3 Ways to Beat Computer Posture
Hey you — freeze! Without changing anything, notice how you’re sitting or standing right now. Check out where your arms and head are in relation to your torso. Where’s your pelvis, tucked underneath you? Arched behind you? For most of us, when you spend time on your devices, your posture follows a predictable pattern: Your arms reach forward for the keyboard or phone, and your head juts out to get closer to the screen. This rounds your upper back, closing your chest in. Your pelvis is tucked underneath you, leaving your belly pooched outward.
Sitting in poor posture for a few minutes a day isn’t the end of the world, but more and more jobs require hours on end in front of a screen. The result? We sit for hours on end hunched over, and our bodies suffer.
Anatomically, when you’re slouching, the muscles in the front of your body, like the muscles in your chest, are shortened. Meanwhile, the muscles in the back of your body, like the ones in your upper back and neck, are lengthened.
While you can stand up, stretch yourself out, and carry on with your day, this unfortunately won’t undo the hours of sitting hunched over. Our bodies are incredibly efficient; they get better at what they do most often (practice makes progress). For example, you know how if you haven’t been doing yoga for a while, you’re not as flexible? If your muscles aren’t being stretch regularly, they won’t bother maintaining the elasticity. The same way your brain forgets how to play piano if you haven’t touched the keys in 20 years, your body “forgets” how to perform physical actions.
So after slouching for hours on end, day after day, the muscles in the front of your body stay short and get very tight. The muscles in your back stay loose and get very weak.
Don’t worry though! You’re not doomed.
1) Proper computer posture
When you work at a computer, see if you can break the habit and find new alignment. As a general guideline, try to have your pelvis, ribs, shoulder girdle, and head stacked one on top of the other with your spine a tall beanstalk reaching towards the sky.
In order to prevent the curving forward, try scooting yourself closer to your desk or your computer closer to you. If you’re having trouble keeping your head back, try zooming in on the screen. Your co-workers may make fun of you for reading everything in 120%, but you’ll be the one laughing when you can do cartwheels at age 92!
2) Keep moving!
Here’s the thing though: Even if you sat in proper posture for 10 hours a day, your body will still feel stiff! That because it’s practicing sitting still rather than moving. In order to combat this stiffness, try to incorporate as much movement as you can into your day.
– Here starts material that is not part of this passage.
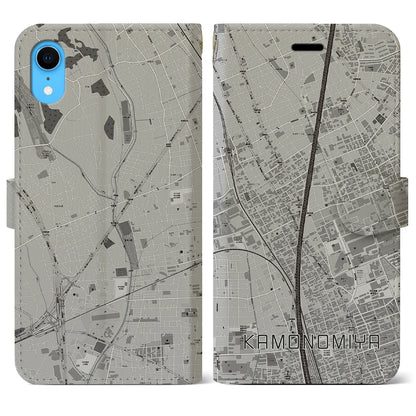 【加茂宮（埼玉県）】地図柄iPhoneケース（手帳タイプ）モノトーン・iPhone XR 用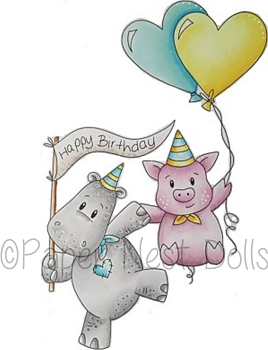 PAPER NEST DOLLS-Happy Birthday Hippo and Pig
More and more people are converting to standing desks, and this is awesome. The ideal, if you can convince your company to fund it, would be a desk that adjusts so you can both sit and stand. When sitting, choose an ergonomically correct chair. There are several innovative ones on the market now; check out Ergo Depot in Potrero Hill. I personally recommend sitting on a good ole fashioned yoga ball. They’re affordable and encourage small movements, engaging your legs, abdominals, and pelvic floor without even trying.
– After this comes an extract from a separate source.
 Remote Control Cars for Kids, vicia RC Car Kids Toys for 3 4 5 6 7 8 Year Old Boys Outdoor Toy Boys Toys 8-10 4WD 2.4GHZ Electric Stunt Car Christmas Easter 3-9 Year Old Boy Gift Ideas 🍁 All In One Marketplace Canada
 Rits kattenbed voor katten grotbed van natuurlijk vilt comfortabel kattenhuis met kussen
Master Trainer Kaitlyn Rhoades stresses the importance of wearing supportive shoes, especially if you stand a lot at work. She recommends getting a foot analysis from a reputable shoe store and purchasing shoes and/or orthotics accordingly. For women, Taryn Rose designs shoes with these values in mind that don’t compromise fashion.
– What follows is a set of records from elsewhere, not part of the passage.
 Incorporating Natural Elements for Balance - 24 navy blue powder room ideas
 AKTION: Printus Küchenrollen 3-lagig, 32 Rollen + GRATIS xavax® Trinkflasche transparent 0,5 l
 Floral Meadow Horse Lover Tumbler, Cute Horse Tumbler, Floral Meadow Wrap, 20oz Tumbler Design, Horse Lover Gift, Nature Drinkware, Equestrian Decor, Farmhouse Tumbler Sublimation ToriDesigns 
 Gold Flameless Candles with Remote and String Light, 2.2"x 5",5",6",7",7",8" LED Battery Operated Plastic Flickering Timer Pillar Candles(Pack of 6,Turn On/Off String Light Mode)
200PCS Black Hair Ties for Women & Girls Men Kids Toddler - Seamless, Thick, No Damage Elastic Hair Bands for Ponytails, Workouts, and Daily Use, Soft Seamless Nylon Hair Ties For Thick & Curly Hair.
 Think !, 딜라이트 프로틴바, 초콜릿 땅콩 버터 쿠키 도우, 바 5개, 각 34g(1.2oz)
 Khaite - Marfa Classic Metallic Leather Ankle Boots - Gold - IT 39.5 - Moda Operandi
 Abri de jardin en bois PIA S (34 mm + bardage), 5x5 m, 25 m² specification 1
3) There’s always Pilates.
I would advise doing Pilates (or any kind of movement, but clearly I’m a little biased) first thing in the morning. This will prime your body for the day, not to mention help you wake up! When we start moving, we remember how good it feels, and we want to do more of it.
If you’re not enough of a morning person to get into the studio, try doing a few yoga stretches as the coffee brews, like downward dog and cat/cow. Then get your Pilates on during your lunch break or after work.
Exercises that work your upper back muscles and stretch your chest are incredibly important for undoing all that computer work. They reverse the patterns your body has been clinging to at your desk, engaging the back of your body and stretching the front. Request some next time you’re in class — your body will thank you!
Here’s a great exercise for opening up the chest, engaging the abdominals, and finding proper alignment. All you need is a wall.
Stand with your heels against the wall and your arms down by your sides. Try to keep the back of your head, your upper back, your pelvis, and your heels touching the wall without letting your ribs flare open. Make sure you’re keeping your abs engaged and your chest open. Slowly, without losing the integrity of your alignment, sweep your arms out to the sides and towards your head, sliding them along the wall. See how high you can go without letting your shoulders come up. Try for 5-10 of these a day.